## Problem:
Would you quote the material below from its first line through the line containing "Teachers Plant Seeds", exactly and with both ends included?

## Material for this exercise:
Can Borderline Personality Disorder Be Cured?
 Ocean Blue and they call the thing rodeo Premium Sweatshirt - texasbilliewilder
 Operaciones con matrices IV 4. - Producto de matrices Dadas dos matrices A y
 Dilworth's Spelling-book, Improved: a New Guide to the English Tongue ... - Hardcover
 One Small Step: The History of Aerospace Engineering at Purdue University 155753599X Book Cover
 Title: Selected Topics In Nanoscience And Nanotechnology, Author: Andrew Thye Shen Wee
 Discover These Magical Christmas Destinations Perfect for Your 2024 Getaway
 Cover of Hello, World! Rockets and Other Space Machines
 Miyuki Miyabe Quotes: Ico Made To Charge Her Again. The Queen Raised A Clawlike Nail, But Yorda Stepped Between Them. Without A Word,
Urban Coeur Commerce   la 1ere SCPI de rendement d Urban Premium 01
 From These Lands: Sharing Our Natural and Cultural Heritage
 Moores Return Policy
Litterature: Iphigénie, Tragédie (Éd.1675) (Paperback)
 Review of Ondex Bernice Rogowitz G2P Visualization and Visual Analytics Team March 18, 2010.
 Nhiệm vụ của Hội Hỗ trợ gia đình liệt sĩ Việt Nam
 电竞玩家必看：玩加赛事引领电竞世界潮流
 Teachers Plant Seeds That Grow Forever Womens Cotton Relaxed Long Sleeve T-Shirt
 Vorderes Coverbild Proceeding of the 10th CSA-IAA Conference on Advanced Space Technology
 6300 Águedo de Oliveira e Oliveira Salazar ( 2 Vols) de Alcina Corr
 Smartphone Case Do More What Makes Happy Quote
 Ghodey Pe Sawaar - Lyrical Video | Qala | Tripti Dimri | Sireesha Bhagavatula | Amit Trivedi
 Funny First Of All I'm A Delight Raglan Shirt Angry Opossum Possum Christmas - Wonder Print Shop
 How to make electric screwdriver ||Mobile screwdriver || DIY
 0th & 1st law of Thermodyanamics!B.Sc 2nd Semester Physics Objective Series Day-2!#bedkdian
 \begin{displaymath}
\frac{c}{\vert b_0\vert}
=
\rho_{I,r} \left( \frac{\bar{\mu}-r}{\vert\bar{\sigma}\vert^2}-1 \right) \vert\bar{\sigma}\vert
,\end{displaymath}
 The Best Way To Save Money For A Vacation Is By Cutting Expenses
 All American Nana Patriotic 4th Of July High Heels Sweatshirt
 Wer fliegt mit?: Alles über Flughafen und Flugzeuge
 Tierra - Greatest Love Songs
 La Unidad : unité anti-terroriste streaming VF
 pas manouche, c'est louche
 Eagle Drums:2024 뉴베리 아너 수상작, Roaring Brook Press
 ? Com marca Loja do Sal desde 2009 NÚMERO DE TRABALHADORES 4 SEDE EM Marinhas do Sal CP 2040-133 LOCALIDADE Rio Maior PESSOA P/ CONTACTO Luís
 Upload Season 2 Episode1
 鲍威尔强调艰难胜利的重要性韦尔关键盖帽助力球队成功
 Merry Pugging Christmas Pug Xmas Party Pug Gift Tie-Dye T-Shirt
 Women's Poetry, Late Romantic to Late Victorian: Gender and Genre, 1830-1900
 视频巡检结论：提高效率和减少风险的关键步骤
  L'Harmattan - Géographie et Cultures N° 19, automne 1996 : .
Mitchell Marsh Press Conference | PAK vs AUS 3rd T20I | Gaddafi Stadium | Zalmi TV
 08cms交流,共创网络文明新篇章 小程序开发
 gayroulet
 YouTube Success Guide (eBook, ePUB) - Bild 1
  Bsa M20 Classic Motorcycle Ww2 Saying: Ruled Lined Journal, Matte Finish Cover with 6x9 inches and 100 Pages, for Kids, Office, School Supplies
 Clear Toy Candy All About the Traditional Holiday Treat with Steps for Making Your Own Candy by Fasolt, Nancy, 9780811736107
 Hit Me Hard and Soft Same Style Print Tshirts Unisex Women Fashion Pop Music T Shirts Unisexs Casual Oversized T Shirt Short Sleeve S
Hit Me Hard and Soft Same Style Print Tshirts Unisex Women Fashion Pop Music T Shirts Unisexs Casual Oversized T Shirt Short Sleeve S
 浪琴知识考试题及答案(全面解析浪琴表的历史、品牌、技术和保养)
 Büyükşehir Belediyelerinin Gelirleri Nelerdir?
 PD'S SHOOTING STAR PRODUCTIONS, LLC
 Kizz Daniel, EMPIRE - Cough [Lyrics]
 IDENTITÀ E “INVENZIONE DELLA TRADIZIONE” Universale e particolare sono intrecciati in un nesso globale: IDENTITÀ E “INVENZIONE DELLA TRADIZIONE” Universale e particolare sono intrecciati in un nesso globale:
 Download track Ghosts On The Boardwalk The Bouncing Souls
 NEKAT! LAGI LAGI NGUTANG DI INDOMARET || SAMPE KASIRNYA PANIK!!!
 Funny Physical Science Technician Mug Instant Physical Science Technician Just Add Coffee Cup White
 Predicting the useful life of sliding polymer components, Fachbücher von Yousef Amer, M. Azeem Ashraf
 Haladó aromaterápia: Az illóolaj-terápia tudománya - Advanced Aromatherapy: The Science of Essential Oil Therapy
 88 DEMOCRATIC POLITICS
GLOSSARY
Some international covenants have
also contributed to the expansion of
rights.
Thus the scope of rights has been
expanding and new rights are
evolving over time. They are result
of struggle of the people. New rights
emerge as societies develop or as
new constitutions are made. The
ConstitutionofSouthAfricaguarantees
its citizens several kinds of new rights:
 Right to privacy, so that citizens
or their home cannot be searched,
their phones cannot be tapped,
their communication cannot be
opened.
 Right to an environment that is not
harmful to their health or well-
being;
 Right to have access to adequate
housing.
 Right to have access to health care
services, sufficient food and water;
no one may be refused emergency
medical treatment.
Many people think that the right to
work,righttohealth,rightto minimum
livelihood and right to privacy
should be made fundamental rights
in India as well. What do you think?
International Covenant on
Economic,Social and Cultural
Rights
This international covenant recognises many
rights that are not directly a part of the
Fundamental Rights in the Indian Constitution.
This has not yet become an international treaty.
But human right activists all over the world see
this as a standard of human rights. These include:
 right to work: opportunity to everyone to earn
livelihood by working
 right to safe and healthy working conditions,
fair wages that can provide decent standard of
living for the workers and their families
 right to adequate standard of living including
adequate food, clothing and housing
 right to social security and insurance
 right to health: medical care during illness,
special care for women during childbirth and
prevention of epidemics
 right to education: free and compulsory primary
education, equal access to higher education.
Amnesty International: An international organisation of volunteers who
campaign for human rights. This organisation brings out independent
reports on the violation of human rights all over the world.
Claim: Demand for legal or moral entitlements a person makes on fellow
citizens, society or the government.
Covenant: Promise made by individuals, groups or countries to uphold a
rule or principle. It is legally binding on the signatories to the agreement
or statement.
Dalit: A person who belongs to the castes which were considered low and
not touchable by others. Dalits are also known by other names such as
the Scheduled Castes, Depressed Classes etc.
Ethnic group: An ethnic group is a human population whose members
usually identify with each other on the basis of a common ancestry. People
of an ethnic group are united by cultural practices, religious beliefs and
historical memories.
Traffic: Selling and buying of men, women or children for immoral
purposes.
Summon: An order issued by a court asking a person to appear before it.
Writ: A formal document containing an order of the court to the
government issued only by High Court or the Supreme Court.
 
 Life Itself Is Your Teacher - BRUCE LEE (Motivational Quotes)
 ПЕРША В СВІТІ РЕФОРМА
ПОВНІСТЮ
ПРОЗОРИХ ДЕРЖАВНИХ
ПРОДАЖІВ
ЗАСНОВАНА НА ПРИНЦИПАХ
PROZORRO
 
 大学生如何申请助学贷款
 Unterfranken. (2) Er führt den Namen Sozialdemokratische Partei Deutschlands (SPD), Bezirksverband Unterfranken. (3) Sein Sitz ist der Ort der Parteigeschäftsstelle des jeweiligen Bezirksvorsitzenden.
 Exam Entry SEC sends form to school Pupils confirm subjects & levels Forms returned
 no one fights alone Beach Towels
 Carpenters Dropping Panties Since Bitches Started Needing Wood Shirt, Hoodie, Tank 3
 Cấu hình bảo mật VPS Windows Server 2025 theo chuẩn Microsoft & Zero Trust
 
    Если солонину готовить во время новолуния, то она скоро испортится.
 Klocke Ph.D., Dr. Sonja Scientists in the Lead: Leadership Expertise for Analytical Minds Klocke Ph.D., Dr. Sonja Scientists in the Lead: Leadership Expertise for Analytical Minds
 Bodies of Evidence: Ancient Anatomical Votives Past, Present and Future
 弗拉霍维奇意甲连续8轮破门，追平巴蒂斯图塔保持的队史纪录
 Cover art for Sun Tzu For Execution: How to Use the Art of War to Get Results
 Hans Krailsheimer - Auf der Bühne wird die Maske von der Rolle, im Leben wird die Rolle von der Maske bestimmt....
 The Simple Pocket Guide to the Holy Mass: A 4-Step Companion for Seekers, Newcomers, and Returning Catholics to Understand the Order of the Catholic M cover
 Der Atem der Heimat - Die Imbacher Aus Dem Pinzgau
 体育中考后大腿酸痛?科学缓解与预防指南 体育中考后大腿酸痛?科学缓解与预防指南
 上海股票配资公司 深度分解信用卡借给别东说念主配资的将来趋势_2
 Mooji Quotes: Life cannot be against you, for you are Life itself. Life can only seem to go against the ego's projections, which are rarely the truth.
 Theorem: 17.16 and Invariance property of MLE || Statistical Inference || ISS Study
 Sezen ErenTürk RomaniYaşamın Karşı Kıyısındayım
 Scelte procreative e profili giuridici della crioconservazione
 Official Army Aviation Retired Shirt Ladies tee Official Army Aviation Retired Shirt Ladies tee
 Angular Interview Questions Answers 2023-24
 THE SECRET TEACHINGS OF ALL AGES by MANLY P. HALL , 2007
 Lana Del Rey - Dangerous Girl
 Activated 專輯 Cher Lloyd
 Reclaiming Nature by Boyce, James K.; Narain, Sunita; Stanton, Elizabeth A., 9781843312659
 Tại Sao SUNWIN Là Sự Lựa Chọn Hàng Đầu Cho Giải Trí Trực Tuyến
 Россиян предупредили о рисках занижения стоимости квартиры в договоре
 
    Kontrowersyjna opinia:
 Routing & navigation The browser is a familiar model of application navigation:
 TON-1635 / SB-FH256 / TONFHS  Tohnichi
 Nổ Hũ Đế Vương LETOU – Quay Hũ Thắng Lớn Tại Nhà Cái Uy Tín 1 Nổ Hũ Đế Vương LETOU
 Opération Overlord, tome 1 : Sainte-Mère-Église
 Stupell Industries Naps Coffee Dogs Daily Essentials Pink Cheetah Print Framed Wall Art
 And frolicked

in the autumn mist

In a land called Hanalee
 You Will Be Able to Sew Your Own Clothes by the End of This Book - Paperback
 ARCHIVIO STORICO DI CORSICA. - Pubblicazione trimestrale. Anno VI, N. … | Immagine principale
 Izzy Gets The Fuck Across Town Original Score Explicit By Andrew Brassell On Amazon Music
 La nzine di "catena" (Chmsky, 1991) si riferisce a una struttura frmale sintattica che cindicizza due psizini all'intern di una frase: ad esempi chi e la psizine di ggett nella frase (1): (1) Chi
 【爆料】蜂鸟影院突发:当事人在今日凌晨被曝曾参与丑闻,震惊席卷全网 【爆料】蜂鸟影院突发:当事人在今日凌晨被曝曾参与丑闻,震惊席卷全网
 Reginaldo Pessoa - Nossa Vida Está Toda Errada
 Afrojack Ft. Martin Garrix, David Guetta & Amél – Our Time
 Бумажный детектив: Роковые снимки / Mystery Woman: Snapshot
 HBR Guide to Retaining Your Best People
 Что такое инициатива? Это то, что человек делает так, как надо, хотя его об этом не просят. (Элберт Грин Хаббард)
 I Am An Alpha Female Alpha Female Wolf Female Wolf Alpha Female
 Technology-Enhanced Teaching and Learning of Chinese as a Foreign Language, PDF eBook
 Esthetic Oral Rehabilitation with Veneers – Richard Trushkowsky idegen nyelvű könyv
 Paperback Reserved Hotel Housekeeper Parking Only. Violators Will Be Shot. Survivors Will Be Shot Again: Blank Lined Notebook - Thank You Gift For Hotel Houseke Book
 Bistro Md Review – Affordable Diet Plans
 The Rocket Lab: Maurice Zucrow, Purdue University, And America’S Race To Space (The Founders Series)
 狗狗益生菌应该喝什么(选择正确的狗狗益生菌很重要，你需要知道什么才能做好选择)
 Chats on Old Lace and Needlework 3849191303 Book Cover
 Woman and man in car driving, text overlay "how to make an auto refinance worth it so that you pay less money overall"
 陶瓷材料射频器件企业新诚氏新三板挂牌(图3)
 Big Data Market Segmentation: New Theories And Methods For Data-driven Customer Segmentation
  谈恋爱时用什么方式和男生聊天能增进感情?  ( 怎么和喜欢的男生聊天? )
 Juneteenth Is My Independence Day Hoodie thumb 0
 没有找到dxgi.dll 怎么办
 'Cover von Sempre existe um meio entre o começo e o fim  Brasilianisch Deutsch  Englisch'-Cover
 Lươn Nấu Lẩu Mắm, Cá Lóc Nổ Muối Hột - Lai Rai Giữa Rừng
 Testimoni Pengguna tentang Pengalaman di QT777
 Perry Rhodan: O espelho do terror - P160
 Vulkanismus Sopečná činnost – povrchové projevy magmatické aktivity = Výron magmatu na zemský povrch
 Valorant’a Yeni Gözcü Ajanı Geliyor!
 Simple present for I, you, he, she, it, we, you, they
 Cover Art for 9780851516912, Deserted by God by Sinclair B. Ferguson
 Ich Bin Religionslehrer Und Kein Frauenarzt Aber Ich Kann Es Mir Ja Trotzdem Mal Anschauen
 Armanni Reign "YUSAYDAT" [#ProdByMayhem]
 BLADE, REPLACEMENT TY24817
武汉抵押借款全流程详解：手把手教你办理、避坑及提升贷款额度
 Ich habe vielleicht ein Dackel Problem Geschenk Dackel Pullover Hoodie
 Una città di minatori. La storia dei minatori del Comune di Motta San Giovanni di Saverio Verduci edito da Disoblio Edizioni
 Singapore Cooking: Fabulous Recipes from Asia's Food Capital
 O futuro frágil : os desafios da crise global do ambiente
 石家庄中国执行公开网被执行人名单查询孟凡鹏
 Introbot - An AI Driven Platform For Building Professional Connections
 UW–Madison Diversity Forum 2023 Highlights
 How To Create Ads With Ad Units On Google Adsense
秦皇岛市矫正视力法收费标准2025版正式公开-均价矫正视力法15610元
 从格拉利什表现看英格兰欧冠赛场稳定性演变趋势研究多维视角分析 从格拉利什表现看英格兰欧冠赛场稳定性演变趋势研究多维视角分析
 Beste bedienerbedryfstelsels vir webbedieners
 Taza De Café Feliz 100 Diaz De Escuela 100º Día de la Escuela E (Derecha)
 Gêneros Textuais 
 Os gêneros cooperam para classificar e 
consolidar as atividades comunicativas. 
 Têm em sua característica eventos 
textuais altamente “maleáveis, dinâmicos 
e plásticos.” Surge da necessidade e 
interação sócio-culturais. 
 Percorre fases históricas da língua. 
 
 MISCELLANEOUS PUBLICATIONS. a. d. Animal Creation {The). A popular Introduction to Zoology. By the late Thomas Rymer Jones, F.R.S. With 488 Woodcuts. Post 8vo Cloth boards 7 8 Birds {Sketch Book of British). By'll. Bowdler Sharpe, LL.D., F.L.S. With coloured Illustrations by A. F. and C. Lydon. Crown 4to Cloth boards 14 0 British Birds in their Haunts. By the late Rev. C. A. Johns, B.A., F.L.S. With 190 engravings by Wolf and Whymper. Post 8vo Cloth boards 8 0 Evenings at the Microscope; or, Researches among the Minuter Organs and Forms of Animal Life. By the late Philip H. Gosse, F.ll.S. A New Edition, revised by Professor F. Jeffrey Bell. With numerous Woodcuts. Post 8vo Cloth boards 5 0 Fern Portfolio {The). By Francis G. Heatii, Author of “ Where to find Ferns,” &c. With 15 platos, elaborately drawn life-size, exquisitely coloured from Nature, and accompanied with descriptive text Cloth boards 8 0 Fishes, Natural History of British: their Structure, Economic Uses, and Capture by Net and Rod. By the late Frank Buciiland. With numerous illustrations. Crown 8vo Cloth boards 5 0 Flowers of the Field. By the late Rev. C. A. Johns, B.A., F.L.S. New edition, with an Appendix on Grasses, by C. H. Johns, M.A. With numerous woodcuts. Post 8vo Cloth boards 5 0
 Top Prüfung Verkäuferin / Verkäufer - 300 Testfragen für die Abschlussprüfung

## Exercise answer:
Can Borderline Personality Disorder Be Cured?
 Ocean Blue and they call the thing rodeo Premium Sweatshirt - texasbilliewilder
 Operaciones con matrices IV 4. - Producto de matrices Dadas dos matrices A y
 Dilworth's Spelling-book, Improved: a New Guide to the English Tongue ... - Hardcover
 One Small Step: The History of Aerospace Engineering at Purdue University 155753599X Book Cover
 Title: Selected Topics In Nanoscience And Nanotechnology, Author: Andrew Thye Shen Wee
 Discover These Magical Christmas Destinations Perfect for Your 2024 Getaway
 Cover of Hello, World! Rockets and Other Space Machines
 Miyuki Miyabe Quotes: Ico Made To Charge Her Again. The Queen Raised A Clawlike Nail, But Yorda Stepped Between Them. Without A Word,
Urban Coeur Commerce   la 1ere SCPI de rendement d Urban Premium 01
 From These Lands: Sharing Our Natural and Cultural Heritage
 Moores Return Policy
Litterature: Iphigénie, Tragédie (Éd.1675) (Paperback)
 Review of Ondex Bernice Rogowitz G2P Visualization and Visual Analytics Team March 18, 2010.
 Nhiệm vụ của Hội Hỗ trợ gia đình liệt sĩ Việt Nam
 电竞玩家必看：玩加赛事引领电竞世界潮流
 Teachers Plant Seeds That Grow Forever Womens Cotton Relaxed Long Sleeve T-Shirt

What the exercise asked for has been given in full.